TASK PROMPT:
Look through the data and write out every line with the word "background" in it.

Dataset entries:
- - - - - - -

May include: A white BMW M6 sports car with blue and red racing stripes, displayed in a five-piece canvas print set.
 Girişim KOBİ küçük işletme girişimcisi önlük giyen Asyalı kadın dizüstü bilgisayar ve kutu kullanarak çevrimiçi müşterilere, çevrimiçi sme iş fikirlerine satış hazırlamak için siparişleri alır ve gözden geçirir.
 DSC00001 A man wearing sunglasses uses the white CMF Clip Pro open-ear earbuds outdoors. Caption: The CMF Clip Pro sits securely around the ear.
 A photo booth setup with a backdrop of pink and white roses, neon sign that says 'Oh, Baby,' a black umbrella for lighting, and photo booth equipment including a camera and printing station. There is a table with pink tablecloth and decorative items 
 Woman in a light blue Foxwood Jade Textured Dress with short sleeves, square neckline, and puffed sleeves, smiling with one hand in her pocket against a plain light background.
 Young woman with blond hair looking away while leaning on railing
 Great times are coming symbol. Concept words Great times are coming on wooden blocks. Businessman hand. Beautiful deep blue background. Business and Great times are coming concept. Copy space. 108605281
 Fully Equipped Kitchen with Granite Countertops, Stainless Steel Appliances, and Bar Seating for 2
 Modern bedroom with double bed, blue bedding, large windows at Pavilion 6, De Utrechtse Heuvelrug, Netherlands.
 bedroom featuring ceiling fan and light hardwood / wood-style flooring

- - - - - - -

RESULT OF THIS EXERCISE:
 Woman in a light blue Foxwood Jade Textured Dress with short sleeves, square neckline, and puffed sleeves, smiling with one hand in her pocket against a plain light background.
 Great times are coming symbol. Concept words Great times are coming on wooden blocks. Businessman hand. Beautiful deep blue background. Business and Great times are coming concept. Copy space. 108605281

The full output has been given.